- **WORK TO COMPLETE**: The listing below is to be output in its exact form.

- **DATASET CONTENT**:
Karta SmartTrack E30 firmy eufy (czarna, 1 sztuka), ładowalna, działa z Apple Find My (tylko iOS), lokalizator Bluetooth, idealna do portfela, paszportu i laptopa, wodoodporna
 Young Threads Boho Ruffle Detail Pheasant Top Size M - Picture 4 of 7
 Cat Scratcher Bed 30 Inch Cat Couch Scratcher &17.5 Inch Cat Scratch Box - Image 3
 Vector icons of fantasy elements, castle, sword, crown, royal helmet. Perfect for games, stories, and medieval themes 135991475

- **WORKED SOLUTION**:
Karta SmartTrack E30 firmy eufy (czarna, 1 sztuka), ładowalna, działa z Apple Find My (tylko iOS), lokalizator Bluetooth, idealna do portfela, paszportu i laptopa, wodoodporna
 Young Threads Boho Ruffle Detail Pheasant Top Size M - Picture 4 of 7
 Cat Scratcher Bed 30 Inch Cat Couch Scratcher &17.5 Inch Cat Scratch Box - Image 3
 Vector icons of fantasy elements, castle, sword, crown, royal helmet. Perfect for games, stories, and medieval themes 135991475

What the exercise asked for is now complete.